Are those some things we grew up saying or thinking about? Maybe our versions weren’t disguised in such light-hearted banter. Maybe our versions were more alive, more heart-breaking, and more horrific.

What makes us turn on ourselves like parasites? There is one answer that makes more sense than others. It begins real close. At home. At School. At a friend or relative’s place. In the playground. At the mall. It begins in our bedrooms, in the kitchens, with permanent abodes in our bathrooms; where the mirror plays a huge supporting role.

And this is how it starts. Replace the characters, plot, dialogues and setting, but the heart of the story remains eerily similar.

One fine day, a happy little toddler becomes a pre-schooler. Subtle sparks of thought and the alien concepts of comprehension begin to sprout in that little head. It almost feels like spring, with so much to marvel at and discover, until it doesn’t.

“You have funny hair“, says a friend, on an unfortunate day, to the unfortunate little lady. Nearby class fellows gather around, make a circle and start snickering and pointing.

Sure, her defences creep up, like mutated tree roots, sheltering from outside crap. She might say something mean in return. She might even push or shove, feigning bravery. She might stay silent and act as if it doesn’t bother her.  Oh, but it does. It bugs her bad. Her defences are not strong enough to shield her from the worst critic of them all, herself. That remark right there and then, imprints a painful and permanent bruise, like a medieval branding iron meant for lifelong torture. Next time the girl stands in front of the mirror, with half-opened eyes, trying to brush her milky-teeth, she notices her hair. For the first time. And she doesn’t like what she sees.

Family isn’t too welcoming either. As she adds a few inches to her height, squiggly strands transform into frizzy monsters. Or so her siblings say, in between occasional teasing ventures by other loved ones. She smiles at first. The second, third, fourth, fifth, sixth,…millionth time too. But then she doesn’t.

She painfully sheds her pre-puberty skin and discovers the world of, and for, the ‘pretty’. Makeup. Clothes. Fashion. But the pin bursting her bubble is always her hair. She wants to show-off her pretty-card. She is desperate.

Then, she discovers magic. A device that could crease out the ugliness. She saves up her pocket-money and birthday money to buy her enchanting wand. She turns thirteen with her new best friend safely tucked in her bathroom cupboard. Her hair straightener.

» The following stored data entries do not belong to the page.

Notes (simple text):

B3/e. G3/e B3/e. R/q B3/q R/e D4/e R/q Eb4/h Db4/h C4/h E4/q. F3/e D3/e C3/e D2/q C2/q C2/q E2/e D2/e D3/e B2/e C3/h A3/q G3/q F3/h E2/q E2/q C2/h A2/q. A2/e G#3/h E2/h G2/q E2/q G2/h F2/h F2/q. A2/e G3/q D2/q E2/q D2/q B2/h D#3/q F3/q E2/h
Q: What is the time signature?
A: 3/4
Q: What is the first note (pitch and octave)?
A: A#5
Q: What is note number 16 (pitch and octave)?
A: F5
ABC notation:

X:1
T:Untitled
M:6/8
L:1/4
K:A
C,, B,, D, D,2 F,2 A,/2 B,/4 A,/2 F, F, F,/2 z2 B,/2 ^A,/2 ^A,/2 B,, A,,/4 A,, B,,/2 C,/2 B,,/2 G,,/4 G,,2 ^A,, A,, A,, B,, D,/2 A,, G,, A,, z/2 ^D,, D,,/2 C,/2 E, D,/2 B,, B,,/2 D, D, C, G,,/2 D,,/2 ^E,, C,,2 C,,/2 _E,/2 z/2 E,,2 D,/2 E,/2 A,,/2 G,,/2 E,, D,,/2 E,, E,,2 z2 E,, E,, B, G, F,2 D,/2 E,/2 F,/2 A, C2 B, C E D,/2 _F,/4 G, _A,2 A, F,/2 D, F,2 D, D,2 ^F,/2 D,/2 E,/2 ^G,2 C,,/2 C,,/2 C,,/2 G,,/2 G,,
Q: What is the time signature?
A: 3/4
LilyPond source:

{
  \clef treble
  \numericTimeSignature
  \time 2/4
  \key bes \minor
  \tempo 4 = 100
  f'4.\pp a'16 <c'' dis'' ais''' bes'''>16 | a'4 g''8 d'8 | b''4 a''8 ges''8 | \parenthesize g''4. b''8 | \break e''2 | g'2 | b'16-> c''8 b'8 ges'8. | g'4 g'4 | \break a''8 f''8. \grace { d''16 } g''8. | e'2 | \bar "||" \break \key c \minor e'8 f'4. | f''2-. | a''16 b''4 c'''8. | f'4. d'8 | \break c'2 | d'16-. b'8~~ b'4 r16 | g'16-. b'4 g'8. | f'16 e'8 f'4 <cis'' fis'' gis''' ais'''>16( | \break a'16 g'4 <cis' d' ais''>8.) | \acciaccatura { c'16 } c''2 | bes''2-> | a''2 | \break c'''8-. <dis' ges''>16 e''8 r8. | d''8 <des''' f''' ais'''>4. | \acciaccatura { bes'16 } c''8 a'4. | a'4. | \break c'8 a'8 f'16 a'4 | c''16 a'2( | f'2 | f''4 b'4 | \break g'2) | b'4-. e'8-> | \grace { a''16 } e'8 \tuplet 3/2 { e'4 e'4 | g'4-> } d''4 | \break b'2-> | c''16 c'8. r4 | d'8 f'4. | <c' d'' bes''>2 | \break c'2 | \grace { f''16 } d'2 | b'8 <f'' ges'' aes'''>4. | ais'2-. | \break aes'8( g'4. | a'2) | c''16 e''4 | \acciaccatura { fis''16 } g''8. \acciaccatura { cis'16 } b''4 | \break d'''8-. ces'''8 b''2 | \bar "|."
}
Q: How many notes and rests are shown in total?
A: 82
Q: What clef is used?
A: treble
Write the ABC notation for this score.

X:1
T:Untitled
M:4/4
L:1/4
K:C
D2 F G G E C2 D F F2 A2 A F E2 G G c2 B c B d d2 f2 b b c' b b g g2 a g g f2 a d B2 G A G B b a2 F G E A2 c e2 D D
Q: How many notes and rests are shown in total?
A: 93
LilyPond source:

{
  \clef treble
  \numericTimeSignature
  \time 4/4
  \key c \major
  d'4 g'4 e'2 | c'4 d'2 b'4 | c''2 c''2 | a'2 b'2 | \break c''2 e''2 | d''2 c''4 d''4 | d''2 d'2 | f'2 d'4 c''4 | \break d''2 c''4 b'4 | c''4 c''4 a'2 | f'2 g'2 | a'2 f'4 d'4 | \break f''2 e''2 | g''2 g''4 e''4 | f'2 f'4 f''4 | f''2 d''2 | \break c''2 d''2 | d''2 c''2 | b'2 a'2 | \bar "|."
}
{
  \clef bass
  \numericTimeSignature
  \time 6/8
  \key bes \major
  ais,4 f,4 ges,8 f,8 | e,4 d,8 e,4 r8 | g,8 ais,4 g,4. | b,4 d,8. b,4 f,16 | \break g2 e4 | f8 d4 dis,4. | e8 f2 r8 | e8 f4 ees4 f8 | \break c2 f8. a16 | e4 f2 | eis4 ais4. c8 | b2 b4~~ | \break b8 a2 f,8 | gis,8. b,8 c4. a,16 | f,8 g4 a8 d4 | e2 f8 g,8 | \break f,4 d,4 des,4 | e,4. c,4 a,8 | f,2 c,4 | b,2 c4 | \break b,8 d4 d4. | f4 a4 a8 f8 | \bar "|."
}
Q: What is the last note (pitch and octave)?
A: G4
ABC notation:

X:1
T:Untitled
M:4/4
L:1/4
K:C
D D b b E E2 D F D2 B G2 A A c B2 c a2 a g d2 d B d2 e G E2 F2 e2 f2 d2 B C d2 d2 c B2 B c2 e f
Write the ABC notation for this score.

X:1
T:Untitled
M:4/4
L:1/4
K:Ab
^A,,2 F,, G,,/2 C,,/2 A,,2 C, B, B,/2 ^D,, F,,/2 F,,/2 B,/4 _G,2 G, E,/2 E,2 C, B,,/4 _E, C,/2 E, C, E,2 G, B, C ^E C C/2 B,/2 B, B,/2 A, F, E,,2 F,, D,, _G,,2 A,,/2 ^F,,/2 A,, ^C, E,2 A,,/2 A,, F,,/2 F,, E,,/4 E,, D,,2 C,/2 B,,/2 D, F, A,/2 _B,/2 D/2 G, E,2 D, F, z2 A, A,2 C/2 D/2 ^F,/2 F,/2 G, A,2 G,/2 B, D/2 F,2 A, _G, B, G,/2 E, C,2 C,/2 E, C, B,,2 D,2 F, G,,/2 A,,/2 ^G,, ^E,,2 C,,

She straightens her hair more than she eats. More than she laughs. More than she cries. Because she can’t imagine stepping out of her room with Medusa-like entities hanging over her head. She sometimes hates her hair so much that it hurts her heart. And unknowingly, her hair too.

Along with the hair hazard, she gathers other common inflictions of her age, like insects on sugar. The weight bug. The skin bug. The voice bug. Her self-esteem melts away, like the wicked witch of the West. Wicked, because it is a cowardly, sad little excuse of an emotion that is too weak to stand up for itself.

  One day, she opens up to an old friend. With tears blurring her pupils, she says that her hair’s as dead as a door. And that she sometimes thinks of letting it stay in its natural form. But when she  catches a glimpse of her burnt mop in her bathroom mirror, she quickly reaches for the straightener.

She tells her friend that she doesn’t have the strength to fight.

She never did.

Or, that fateful day many years ago, she would have gone back and told her mom and dad everything. And if her parents had the hindsight, they would have convinced her that she had the best hair in the world. And that she should never let anyone make her feel otherwise.

Next day, the girl would have gone back to school, a bit scared but ready to take on the world with her funny hair.